In mathematics, the pseudospectrum of an operator is a set containing the spectrum of the operator and the numbers that are "almost" eigenvalues. Knowledge of the pseudospectrum can be particularly useful for understanding non-normal operators and their eigenfunctions.

The ε-pseudospectrum of a matrix A consists of all eigenvalues of matrices which are ε-close to A:
$\Lambda_\epsilon(A) = \{\lambda \in \mathbb{C} \mid \exists x \in \mathbb{C}^n \setminus \{0\}, \exists E \in \mathbb{C}^{n \times n} \colon (A+E)x = \lambda x, \|E\| \leq \epsilon \}.$

Numerical algorithms which calculate the eigenvalues of a matrix give only approximate results due to rounding and other errors. These errors can be described with the matrix E.

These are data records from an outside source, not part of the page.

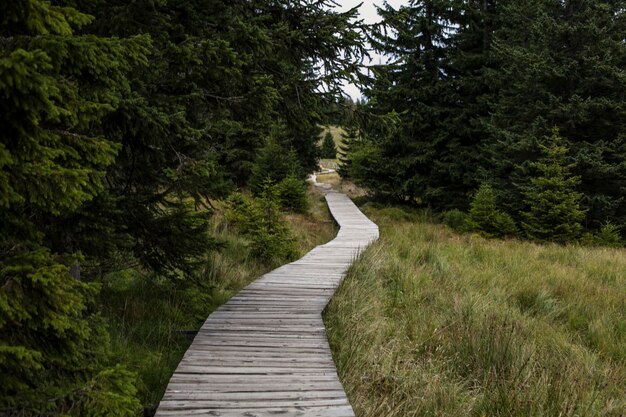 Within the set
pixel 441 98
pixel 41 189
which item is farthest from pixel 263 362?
pixel 441 98

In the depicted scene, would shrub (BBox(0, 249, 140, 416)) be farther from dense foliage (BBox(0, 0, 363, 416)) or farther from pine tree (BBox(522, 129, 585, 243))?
pine tree (BBox(522, 129, 585, 243))

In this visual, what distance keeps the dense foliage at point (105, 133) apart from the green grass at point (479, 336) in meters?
2.15

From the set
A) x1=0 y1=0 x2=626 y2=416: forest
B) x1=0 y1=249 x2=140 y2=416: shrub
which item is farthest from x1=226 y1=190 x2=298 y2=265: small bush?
x1=0 y1=249 x2=140 y2=416: shrub

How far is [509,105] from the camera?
54.6 ft

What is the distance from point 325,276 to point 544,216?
1062 centimetres

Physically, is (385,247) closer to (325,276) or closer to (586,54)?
(325,276)

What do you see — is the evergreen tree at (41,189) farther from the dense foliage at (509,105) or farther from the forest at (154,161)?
the dense foliage at (509,105)

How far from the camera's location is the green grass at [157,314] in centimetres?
363

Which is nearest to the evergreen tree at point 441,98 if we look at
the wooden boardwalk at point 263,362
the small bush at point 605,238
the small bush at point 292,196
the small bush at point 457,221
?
the small bush at point 457,221

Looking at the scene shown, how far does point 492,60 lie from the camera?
18.5 metres

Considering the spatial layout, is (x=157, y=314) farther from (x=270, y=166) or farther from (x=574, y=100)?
(x=270, y=166)

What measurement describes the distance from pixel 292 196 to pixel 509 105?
9365mm

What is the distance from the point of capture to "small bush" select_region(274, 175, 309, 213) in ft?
58.8

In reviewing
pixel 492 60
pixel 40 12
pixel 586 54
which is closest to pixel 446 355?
pixel 40 12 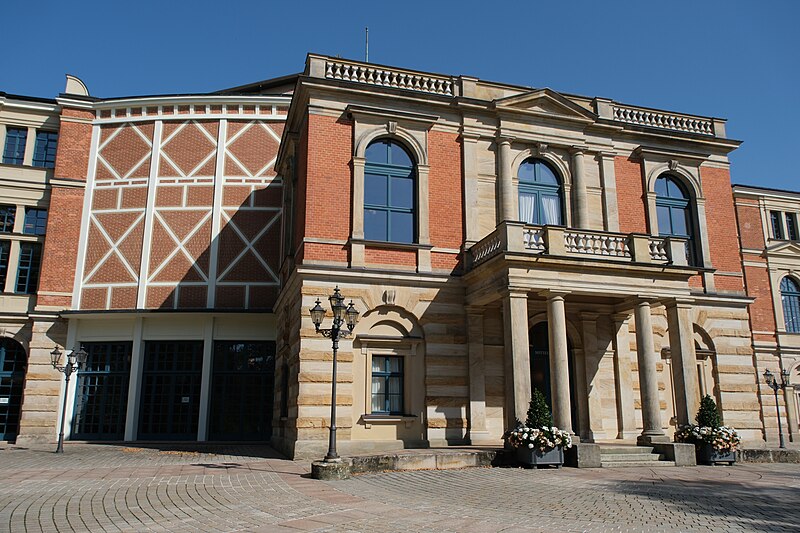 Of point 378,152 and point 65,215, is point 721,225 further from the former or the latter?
point 65,215

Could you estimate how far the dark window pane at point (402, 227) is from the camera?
16672mm

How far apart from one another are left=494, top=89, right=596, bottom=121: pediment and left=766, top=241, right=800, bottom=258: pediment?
16568mm

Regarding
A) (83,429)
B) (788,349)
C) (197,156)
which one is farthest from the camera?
(788,349)

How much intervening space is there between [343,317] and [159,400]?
43.3 ft

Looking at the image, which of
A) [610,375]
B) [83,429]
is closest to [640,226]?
[610,375]

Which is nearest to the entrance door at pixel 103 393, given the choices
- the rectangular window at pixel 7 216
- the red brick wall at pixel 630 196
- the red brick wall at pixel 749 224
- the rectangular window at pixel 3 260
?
the rectangular window at pixel 3 260

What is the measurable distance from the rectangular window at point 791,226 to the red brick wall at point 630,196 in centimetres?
1609

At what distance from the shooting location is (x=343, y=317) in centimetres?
1238

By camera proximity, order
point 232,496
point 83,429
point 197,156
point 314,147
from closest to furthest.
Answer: point 232,496, point 314,147, point 83,429, point 197,156

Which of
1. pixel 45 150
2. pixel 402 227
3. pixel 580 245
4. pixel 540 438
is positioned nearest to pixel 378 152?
pixel 402 227

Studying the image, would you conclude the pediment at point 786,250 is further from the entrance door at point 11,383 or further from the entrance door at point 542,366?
the entrance door at point 11,383

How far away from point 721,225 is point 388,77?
1171 centimetres

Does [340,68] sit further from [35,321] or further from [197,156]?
[35,321]

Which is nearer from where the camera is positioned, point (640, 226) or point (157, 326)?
point (640, 226) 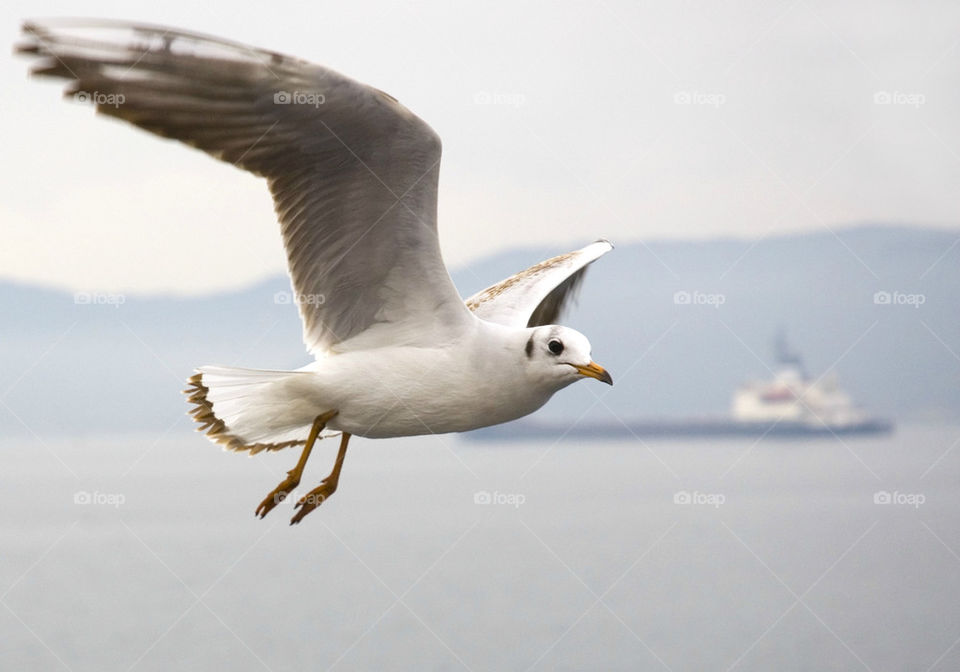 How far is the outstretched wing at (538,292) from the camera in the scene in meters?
6.74

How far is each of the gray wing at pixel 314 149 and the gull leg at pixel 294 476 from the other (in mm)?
360

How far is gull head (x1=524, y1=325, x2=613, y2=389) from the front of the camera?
17.6ft

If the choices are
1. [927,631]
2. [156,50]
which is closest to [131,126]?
[156,50]

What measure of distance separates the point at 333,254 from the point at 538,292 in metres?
1.64

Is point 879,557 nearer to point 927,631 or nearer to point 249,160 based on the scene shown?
point 927,631

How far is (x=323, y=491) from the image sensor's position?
5875 mm

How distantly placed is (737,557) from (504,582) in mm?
19364

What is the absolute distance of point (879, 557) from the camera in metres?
56.1

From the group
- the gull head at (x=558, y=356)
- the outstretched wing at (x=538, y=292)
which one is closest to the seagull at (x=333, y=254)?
the gull head at (x=558, y=356)

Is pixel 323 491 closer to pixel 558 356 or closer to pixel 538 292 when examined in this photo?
pixel 558 356

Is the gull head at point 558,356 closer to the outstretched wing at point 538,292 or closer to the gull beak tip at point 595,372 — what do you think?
the gull beak tip at point 595,372

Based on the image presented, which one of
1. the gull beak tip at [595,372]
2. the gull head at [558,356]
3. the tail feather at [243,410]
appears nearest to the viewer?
the gull beak tip at [595,372]

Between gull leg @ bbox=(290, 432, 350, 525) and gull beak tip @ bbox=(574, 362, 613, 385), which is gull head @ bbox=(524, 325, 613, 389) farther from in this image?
gull leg @ bbox=(290, 432, 350, 525)

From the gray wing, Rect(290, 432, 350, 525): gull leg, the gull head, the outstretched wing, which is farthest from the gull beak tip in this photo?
Rect(290, 432, 350, 525): gull leg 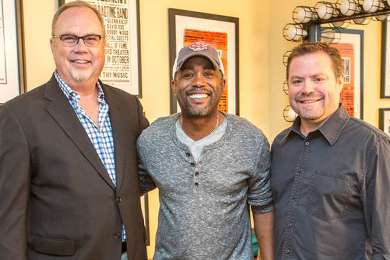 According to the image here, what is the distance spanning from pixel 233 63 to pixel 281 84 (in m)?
0.42

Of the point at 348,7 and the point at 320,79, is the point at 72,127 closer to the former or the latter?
the point at 320,79

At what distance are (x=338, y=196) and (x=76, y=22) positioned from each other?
1.05 metres

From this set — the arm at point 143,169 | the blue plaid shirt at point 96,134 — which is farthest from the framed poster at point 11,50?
the arm at point 143,169

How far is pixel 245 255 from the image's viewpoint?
150 centimetres

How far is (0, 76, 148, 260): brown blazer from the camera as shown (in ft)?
4.35

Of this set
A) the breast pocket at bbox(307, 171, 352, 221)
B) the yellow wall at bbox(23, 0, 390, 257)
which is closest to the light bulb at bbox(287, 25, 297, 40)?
the yellow wall at bbox(23, 0, 390, 257)

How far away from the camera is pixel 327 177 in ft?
4.35

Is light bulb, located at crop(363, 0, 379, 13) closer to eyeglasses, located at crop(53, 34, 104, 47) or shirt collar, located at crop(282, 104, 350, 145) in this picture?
shirt collar, located at crop(282, 104, 350, 145)

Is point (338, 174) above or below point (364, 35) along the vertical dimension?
below

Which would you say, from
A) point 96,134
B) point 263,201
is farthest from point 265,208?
point 96,134

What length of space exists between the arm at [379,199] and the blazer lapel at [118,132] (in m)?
0.82

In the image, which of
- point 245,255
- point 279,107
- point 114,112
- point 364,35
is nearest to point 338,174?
point 245,255

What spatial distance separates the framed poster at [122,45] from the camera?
2281 millimetres

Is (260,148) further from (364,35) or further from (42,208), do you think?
(364,35) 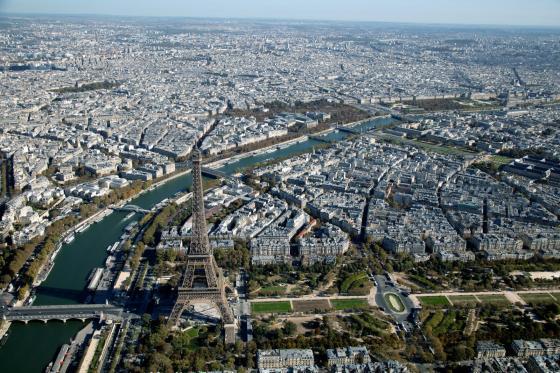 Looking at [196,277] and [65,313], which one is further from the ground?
[196,277]

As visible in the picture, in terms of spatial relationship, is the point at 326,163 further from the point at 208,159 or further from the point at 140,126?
the point at 140,126

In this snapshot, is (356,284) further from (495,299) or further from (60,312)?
(60,312)

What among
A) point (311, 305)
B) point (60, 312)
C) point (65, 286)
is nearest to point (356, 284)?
point (311, 305)

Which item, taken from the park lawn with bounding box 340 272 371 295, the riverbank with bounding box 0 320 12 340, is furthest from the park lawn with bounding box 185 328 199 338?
the riverbank with bounding box 0 320 12 340

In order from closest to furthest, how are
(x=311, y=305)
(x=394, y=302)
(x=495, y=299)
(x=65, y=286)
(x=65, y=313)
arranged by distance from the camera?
(x=65, y=313)
(x=311, y=305)
(x=394, y=302)
(x=495, y=299)
(x=65, y=286)

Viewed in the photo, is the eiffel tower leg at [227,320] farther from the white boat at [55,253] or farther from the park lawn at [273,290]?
the white boat at [55,253]

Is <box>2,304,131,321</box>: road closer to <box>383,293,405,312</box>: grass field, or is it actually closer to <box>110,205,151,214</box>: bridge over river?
<box>110,205,151,214</box>: bridge over river

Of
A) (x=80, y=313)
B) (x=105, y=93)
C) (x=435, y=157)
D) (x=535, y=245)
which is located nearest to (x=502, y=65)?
(x=435, y=157) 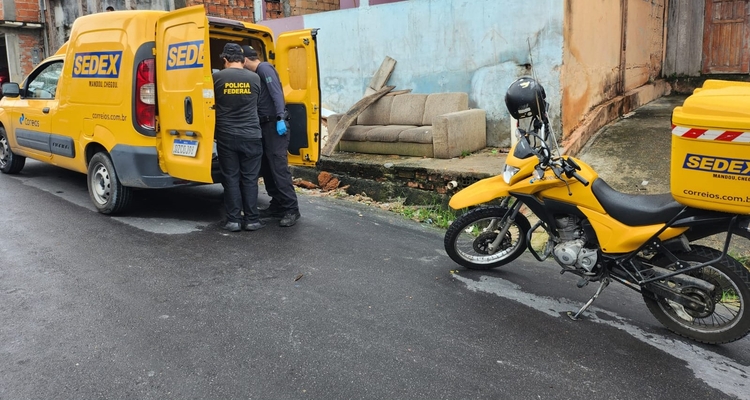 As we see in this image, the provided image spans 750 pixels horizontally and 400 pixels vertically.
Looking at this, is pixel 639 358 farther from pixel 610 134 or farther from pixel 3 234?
pixel 610 134

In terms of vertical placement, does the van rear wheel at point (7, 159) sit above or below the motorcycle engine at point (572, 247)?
above

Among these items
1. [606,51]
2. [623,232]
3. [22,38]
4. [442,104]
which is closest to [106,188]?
[442,104]

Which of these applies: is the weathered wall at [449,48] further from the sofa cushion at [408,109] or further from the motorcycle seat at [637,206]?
the motorcycle seat at [637,206]

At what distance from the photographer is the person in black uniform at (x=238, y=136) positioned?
5254 millimetres

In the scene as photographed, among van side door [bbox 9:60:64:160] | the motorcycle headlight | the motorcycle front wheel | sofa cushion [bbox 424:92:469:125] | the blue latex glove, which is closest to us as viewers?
the motorcycle headlight

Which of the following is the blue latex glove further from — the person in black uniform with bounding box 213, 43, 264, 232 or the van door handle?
the van door handle

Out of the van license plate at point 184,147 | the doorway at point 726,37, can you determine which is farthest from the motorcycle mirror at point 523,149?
the doorway at point 726,37

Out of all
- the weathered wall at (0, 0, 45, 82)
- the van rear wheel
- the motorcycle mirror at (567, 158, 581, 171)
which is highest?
the weathered wall at (0, 0, 45, 82)

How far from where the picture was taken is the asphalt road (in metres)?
2.85

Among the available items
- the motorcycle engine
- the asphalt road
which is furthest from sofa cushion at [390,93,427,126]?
the motorcycle engine

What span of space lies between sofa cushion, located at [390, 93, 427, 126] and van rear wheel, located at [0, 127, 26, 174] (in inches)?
216

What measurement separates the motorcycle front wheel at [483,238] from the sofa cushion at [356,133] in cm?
448

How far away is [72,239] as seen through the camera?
5078 mm

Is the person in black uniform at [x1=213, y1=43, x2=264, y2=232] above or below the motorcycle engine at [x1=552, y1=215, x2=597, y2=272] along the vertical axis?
above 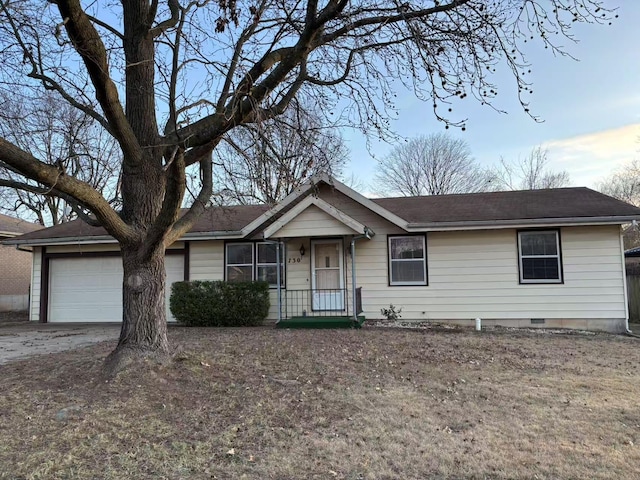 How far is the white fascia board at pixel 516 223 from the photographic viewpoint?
11.0 m

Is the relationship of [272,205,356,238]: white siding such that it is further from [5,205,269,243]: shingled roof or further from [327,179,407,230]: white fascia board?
[5,205,269,243]: shingled roof

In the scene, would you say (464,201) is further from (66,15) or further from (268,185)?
(66,15)

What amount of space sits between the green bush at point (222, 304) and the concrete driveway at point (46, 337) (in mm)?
1813

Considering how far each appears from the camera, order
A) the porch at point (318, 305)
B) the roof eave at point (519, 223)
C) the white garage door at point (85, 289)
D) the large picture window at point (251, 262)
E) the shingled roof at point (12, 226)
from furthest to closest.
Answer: the shingled roof at point (12, 226), the white garage door at point (85, 289), the large picture window at point (251, 262), the porch at point (318, 305), the roof eave at point (519, 223)

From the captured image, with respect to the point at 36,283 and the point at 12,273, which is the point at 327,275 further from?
the point at 12,273

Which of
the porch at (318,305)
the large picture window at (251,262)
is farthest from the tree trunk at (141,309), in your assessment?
the large picture window at (251,262)

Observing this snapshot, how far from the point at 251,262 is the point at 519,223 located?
24.6ft

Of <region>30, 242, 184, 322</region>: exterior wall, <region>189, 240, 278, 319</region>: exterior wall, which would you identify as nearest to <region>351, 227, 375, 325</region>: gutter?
<region>189, 240, 278, 319</region>: exterior wall

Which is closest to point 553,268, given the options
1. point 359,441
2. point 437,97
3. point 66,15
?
point 437,97

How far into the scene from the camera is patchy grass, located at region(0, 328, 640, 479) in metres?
3.73

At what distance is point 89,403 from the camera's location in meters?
5.12

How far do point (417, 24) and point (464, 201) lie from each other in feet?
28.0

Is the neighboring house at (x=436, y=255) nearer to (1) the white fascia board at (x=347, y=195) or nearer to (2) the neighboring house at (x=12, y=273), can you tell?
(1) the white fascia board at (x=347, y=195)

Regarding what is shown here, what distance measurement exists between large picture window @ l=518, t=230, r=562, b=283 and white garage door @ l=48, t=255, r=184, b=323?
1031 centimetres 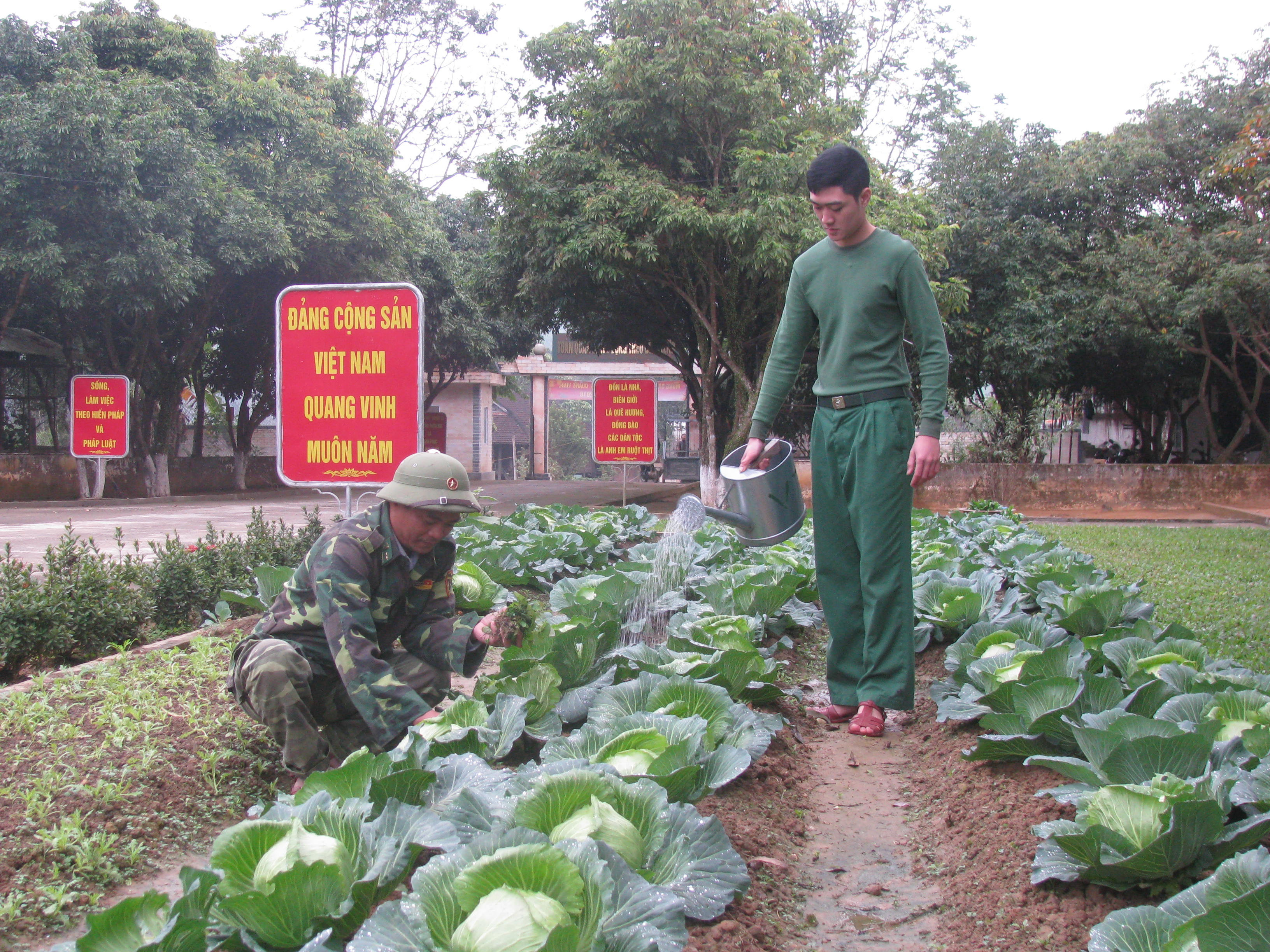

More generally, for Banach spaces $X,Y$ and operators $A: X \to Y$ , one can define the $\epsilon$-pseudospectrum of $A$ (typically denoted by $\text{sp}_{\epsilon}(A)$) in the following way
$\text{sp}_{\epsilon}(A) = \{\lambda \in \mathbb{C} \mid \|(A-\lambda I)^{-1}\| \geq 1/\epsilon \}.$
where we use the convention that $\|(A-\lambda I)^{-1}\| = \infty$ if $A - \lambda I$ is not invertible.

== Bibliography ==
- Lloyd N. Trefethen and Mark Embree: "Spectra And Pseudospectra: The Behavior of Nonnormal Matrices And Operators", Princeton Univ. Press, ISBN 978-0691119465 (2005).